Portal hypertension is elevated pressure in the portal vein system that drains blood from the gut and spleen to the liver. Normal portal pressure is 5–10 mmHg. When it rises above 12 mmHg, complications begin. In India, the most common cause is cirrhosis — from chronic hepatitis B, hepatitis C, alcohol, or fatty liver disease. India also has a significant burden of non-cirrhotic portal hypertension — conditions like non-cirrhotic portal fibrosis (NCPF) and extrahepatic portal vein obstruction (EHPVO) that cause portal hypertension with preserved liver function. Correct diagnosis is critical because treatment and prognosis differ completely.

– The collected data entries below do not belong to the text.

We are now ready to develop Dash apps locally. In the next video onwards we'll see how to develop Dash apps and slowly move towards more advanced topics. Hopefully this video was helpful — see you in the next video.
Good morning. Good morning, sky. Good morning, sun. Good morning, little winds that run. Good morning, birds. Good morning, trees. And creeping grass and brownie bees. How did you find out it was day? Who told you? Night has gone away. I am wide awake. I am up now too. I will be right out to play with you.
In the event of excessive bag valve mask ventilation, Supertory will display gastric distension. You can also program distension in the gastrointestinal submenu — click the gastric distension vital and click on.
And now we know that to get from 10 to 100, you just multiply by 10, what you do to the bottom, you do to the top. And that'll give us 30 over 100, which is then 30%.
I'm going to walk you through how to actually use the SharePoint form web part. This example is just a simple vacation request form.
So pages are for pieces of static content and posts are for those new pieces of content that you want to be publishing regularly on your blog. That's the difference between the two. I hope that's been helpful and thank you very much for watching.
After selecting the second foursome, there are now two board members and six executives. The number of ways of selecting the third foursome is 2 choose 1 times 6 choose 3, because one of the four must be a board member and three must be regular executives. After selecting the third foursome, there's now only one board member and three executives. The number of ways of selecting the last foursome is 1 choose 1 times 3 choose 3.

Vomiting blood (haematemesis) or passing black, tarry, sticky stools (melaena) in anyone with known liver disease, cirrhosis, or portal hypertension is a variceal haemorrhage until proven otherwise. This is a life-threatening emergency. Go to A&E immediately — do not try to manage this at home. In hospital, treatment includes: terlipressin injection (reduces portal pressure), IV antibiotics (reduces infection risk which worsens outcomes), blood transfusion targeting Hb 7–8 g/dL, and urgent endoscopy within 12 hours for variceal band ligation. Without immediate expert treatment, mortality from each episode is 15–30%.

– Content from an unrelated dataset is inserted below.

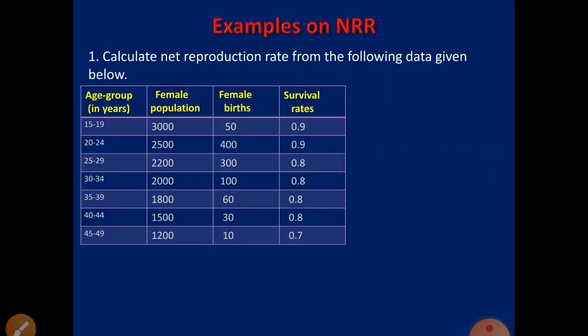Let us solve an example on NRR. Example 1: Calculate net reproduction rate from the following data. The columns given are: age group, female population, female births, and survival rates. We have to find the NRR. The formula of NRR is I × Σ(WSFR × S), so to find NRR, we first need WSFR; the survival rate S is already given.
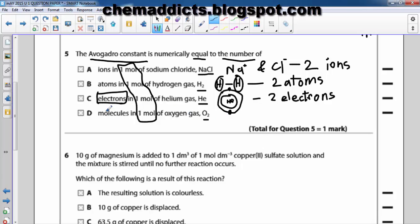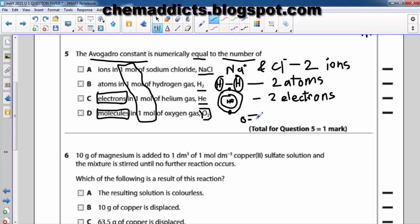Now let's see what happens with oxygen. Let us find the keyword of this question — it says 'molecules.' How many molecules are there in one mole of oxygen gas? There is one O₂ molecule per oxygen molecule — one O=O double bond — one oxygen molecule.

TIPS (Transjugular Intrahepatic Portosystemic Shunt) is an interventional radiology procedure that creates a channel through the liver, connecting the portal vein directly to the hepatic vein, bypassing the liver's resistance. This dramatically lowers portal pressure. TIPS is used when standard treatments have failed: refractory ascites needing frequent paracentesis; variceal bleeding not controlled by endoscopy and beta-blockers; acute bleeding uncontrolled at endoscopy (salvage TIPS). TIPS significantly increases risk of hepatic encephalopathy because blood bypasses the liver's filtering. It is not suitable for patients with poor liver function (high bilirubin, MELD above 18) or right heart failure.

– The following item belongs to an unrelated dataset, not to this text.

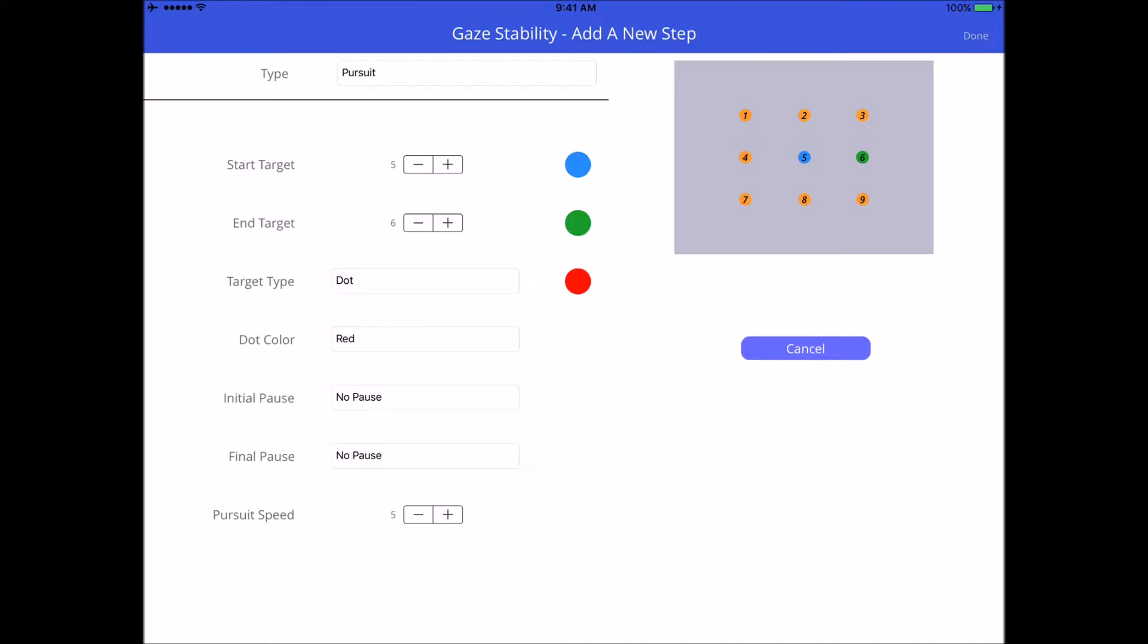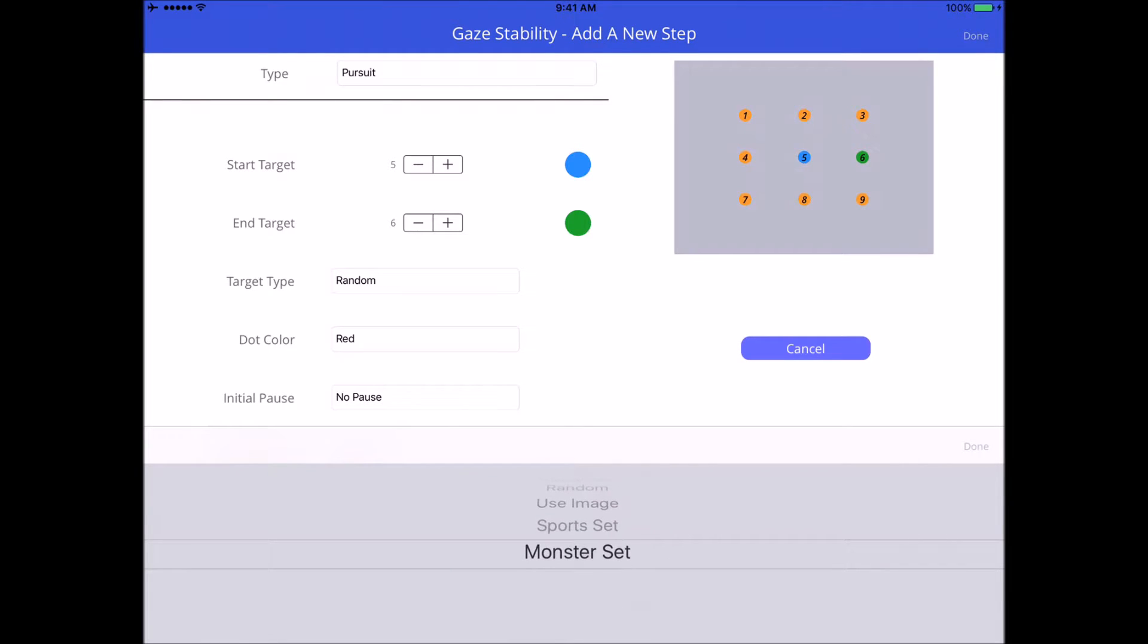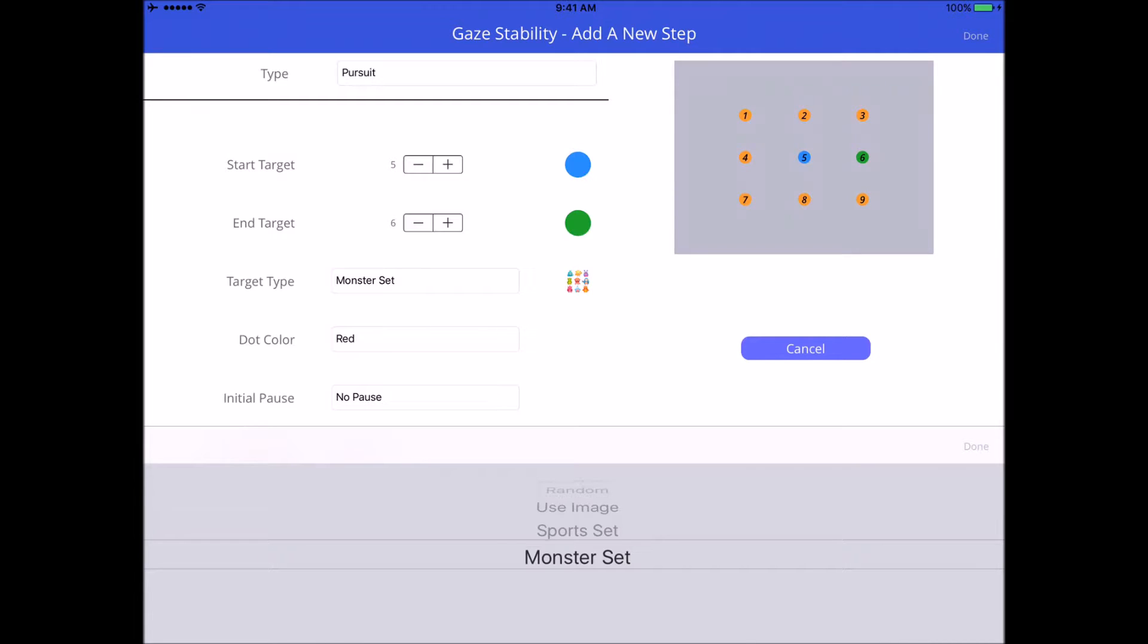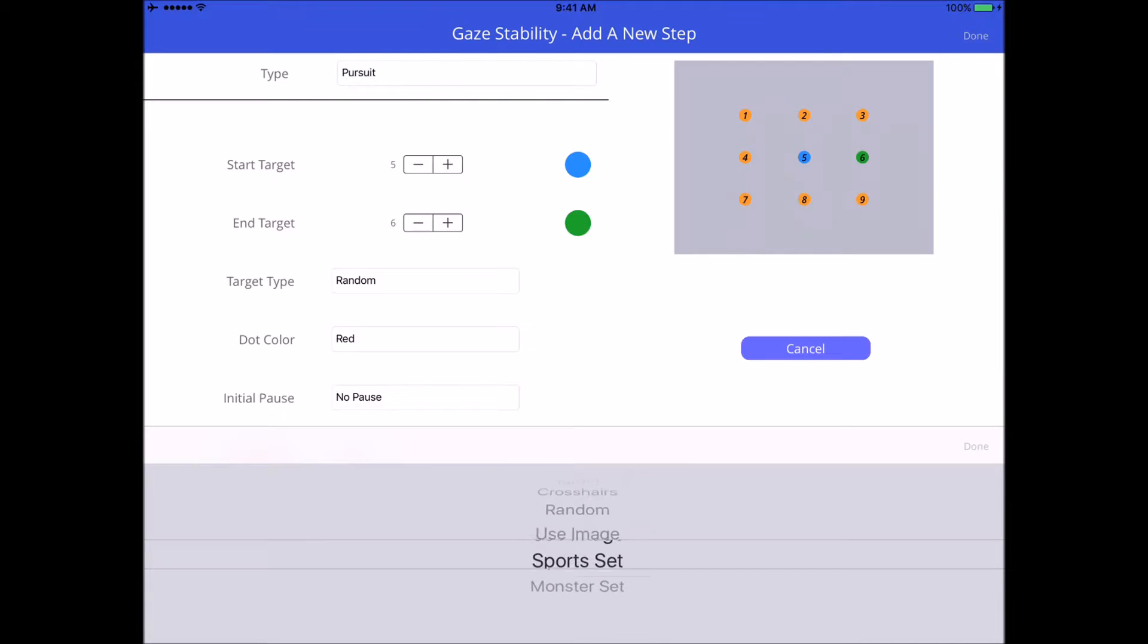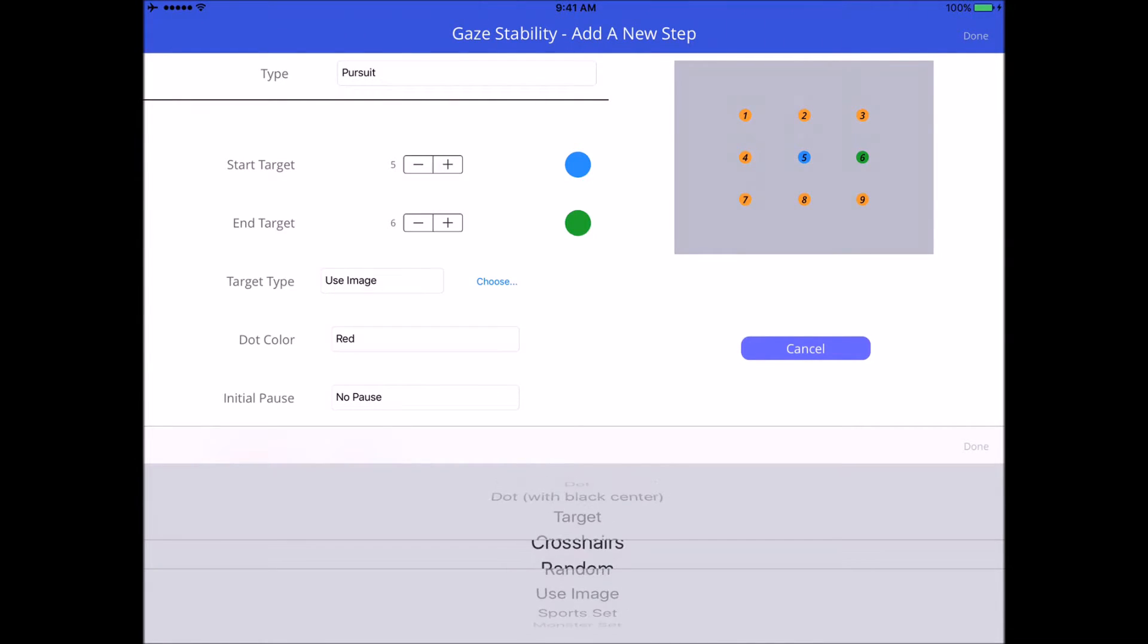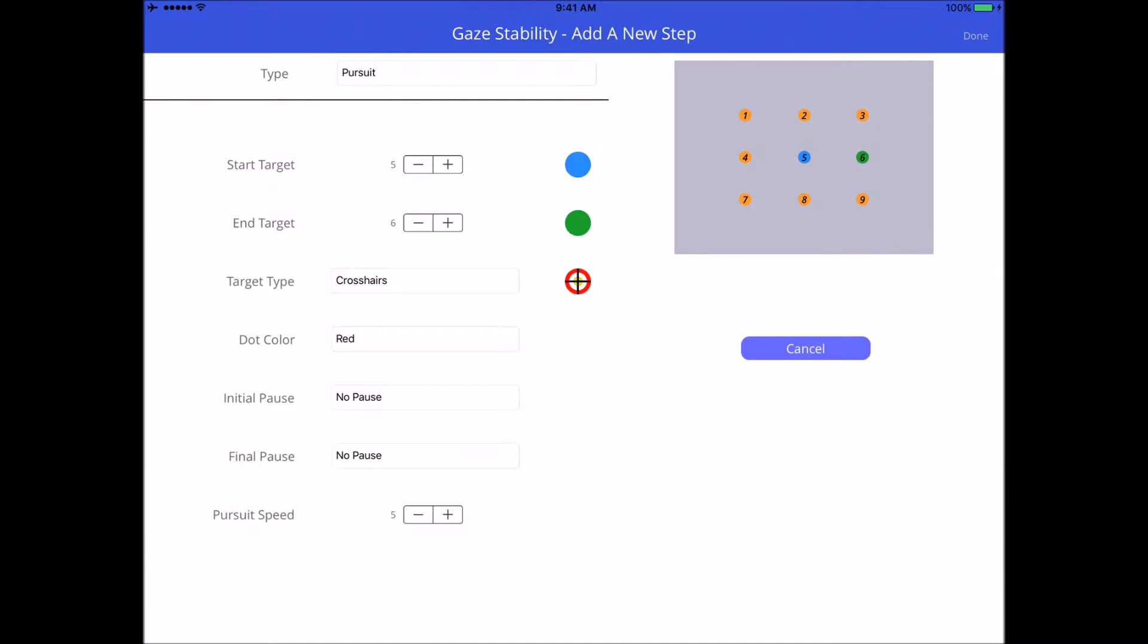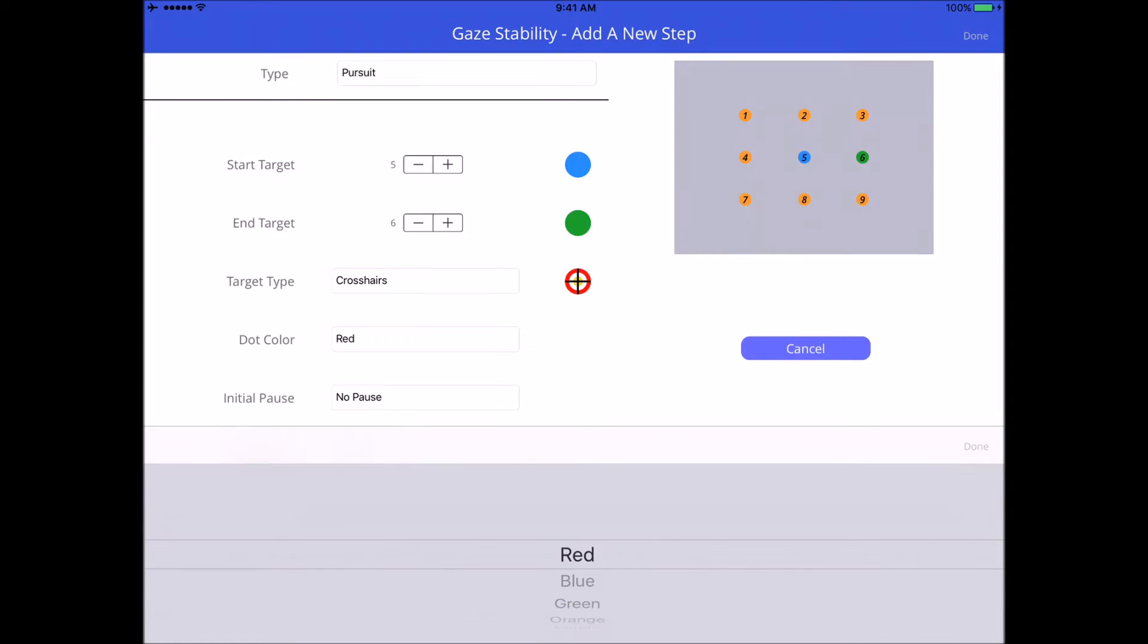Target type, you can pick anything you want. If you do monster set, the cool thing with that is the target will change from one to another, or sports set. You can load your own image right here. You can also use crosshairs. We'll just use that one, that's the one I personally use the most. Some people get tired if they do exercise a lot, they want to be entertained a little bit more, so we pick monsters or a funny picture or something like that.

An enlarged spleen (splenomegaly) in the context of liver disease or abnormal liver blood tests is a classic feature of portal hypertension. High pressure in the portal system causes blood to pool in the spleen, enlarging it. The enlarged spleen then destroys blood cells at an accelerated rate (hypersplenism), causing: low platelets (thrombocytopenia — bruising, bleeding risk), anaemia, and sometimes low white cell count. If your ultrasound shows splenomegaly alongside liver abnormalities, you need a full portal hypertension assessment including upper GI endoscopy to look for varices. Do not ignore this finding.
Portal hypertension from cirrhosis cannot be reversed because the underlying cirrhosis is irreversible — the scar tissue in the liver is permanent. However, complications can be managed effectively: varices can be banded and suppressed with beta-blockers; ascites can be controlled with salt restriction and diuretics; encephalopathy can be prevented with lactulose and rifaximin. The only definitive cure for cirrhotic portal hypertension is liver transplant — replacing the scarred liver with a healthy one normalises portal pressure completely and eliminates all complications. For non-cirrhotic causes (NCPF, EHPVO), treating the underlying condition or creating surgical shunts can be more definitive.
Yes — absolutely. Compensated cirrhosis means the liver is scarred but still functioning adequately without overt complications. However, portal hypertension is often already present at this stage, with varices forming silently. Every patient with compensated cirrhosis should have: upper GI endoscopy to screen for varices; Fibroscan or liver stiffness measurement; 6-monthly HCC surveillance. If medium or large varices are found, prophylactic beta-blockers or band ligation prevents bleeding. The transition from compensated to decompensated cirrhosis (first variceal bleed, first ascites, first encephalopathy episode) carries a 5-year mortality of 40–50% — prevention is far better than treatment.